For the entries below, the expected answer is the line with "Hip Hop Party", the line with "办公椅舒适久坐老板椅家用护腰可躺人体工学椅书房书桌靠背电脑椅", and every line between them, exactly as written, and nothing more.

Available data:
++++++++++++++++++++

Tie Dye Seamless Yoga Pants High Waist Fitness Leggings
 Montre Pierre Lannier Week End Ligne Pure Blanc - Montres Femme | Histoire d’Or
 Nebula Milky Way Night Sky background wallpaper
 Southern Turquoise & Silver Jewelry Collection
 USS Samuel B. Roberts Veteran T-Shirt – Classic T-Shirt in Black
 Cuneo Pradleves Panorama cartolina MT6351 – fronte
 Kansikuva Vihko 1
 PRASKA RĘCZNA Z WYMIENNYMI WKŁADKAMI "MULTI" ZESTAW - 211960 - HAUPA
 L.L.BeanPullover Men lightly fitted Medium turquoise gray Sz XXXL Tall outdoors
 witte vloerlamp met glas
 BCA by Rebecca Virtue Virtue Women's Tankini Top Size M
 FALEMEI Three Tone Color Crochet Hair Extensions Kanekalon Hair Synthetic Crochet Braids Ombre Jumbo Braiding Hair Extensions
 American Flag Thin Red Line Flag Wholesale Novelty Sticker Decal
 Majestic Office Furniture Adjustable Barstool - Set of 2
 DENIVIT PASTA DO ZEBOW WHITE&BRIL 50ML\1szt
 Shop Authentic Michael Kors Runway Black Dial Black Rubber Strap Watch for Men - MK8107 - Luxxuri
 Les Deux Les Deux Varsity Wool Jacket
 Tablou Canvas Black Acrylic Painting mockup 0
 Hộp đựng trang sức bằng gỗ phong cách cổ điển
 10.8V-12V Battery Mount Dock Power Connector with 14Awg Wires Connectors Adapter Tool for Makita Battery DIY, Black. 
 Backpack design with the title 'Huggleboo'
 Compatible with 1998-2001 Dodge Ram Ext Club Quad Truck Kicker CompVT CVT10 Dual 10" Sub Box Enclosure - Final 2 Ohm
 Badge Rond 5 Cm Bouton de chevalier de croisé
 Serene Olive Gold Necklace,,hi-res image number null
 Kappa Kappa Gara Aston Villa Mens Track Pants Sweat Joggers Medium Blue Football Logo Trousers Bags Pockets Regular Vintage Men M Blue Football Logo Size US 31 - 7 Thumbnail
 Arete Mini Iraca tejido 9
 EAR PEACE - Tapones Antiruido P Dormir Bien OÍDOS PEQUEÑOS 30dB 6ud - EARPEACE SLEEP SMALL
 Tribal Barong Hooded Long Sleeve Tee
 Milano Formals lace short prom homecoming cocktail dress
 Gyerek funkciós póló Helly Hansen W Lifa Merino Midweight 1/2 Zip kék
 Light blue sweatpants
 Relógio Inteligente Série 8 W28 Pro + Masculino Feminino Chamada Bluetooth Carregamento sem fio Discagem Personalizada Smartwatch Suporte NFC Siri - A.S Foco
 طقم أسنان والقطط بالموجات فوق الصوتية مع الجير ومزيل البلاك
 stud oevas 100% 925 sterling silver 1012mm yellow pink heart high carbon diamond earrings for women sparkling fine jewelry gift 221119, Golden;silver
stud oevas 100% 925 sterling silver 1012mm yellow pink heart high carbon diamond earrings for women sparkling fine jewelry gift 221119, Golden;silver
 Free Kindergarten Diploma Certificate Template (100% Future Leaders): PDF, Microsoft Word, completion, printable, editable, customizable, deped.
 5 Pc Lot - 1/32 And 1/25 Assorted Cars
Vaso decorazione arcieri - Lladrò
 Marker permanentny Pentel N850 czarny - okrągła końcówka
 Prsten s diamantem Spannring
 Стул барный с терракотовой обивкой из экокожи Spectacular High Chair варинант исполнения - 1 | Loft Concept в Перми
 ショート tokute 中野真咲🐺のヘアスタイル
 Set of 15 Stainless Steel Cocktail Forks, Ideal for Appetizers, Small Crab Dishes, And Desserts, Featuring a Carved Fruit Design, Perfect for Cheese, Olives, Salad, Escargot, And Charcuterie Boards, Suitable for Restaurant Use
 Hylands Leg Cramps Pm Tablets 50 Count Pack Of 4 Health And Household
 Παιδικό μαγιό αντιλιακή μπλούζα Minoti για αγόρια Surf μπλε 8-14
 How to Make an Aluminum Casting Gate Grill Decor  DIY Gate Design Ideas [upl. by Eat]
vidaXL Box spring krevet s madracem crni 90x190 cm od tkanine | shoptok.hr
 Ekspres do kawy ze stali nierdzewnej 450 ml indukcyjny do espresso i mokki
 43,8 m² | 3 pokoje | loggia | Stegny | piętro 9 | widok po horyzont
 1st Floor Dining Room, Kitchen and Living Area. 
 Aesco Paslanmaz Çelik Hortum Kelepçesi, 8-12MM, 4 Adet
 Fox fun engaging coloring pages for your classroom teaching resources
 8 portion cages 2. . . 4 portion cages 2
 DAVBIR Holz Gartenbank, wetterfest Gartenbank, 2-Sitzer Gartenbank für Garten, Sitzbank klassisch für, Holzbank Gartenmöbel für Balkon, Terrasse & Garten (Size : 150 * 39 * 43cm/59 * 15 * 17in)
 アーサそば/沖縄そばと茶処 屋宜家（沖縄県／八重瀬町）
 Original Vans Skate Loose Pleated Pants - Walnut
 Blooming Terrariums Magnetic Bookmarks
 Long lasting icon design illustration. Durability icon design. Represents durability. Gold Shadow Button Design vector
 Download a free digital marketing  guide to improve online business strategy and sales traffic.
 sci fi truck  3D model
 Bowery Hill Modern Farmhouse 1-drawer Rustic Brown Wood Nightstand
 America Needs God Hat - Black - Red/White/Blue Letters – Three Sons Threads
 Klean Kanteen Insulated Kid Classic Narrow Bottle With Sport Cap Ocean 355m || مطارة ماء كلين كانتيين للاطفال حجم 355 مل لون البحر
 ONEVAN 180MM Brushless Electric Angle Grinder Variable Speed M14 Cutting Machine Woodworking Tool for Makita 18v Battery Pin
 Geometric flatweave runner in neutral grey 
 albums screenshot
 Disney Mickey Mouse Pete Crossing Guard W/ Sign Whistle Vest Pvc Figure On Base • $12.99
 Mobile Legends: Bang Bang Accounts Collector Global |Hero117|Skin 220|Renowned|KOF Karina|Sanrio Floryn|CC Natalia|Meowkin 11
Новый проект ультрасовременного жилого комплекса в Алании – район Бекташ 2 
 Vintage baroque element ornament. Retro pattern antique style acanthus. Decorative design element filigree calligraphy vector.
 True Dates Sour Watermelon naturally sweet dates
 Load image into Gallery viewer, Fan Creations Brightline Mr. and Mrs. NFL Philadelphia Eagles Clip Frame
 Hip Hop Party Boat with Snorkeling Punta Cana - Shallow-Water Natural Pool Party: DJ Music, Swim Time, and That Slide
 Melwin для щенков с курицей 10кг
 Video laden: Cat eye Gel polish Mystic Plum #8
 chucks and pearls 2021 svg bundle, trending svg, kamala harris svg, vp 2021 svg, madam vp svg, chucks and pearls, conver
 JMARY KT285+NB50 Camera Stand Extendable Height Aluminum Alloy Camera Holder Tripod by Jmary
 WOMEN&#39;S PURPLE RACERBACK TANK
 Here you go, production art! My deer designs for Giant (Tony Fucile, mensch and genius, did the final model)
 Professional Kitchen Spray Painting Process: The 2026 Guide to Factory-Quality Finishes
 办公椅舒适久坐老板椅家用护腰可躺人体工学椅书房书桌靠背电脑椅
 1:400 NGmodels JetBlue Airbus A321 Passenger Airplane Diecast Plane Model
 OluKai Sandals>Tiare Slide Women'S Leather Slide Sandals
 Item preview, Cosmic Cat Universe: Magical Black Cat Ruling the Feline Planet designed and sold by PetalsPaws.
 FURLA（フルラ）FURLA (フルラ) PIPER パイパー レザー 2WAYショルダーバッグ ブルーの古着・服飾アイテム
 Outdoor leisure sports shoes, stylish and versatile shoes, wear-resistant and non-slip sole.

++++++++++++++++++++

Answer below:
 Hip Hop Party Boat with Snorkeling Punta Cana - Shallow-Water Natural Pool Party: DJ Music, Swim Time, and That Slide
 Melwin для щенков с курицей 10кг
 Video laden: Cat eye Gel polish Mystic Plum #8
 chucks and pearls 2021 svg bundle, trending svg, kamala harris svg, vp 2021 svg, madam vp svg, chucks and pearls, conver
 JMARY KT285+NB50 Camera Stand Extendable Height Aluminum Alloy Camera Holder Tripod by Jmary
 WOMEN&#39;S PURPLE RACERBACK TANK
 Here you go, production art! My deer designs for Giant (Tony Fucile, mensch and genius, did the final model)
 Professional Kitchen Spray Painting Process: The 2026 Guide to Factory-Quality Finishes
 办公椅舒适久坐老板椅家用护腰可躺人体工学椅书房书桌靠背电脑椅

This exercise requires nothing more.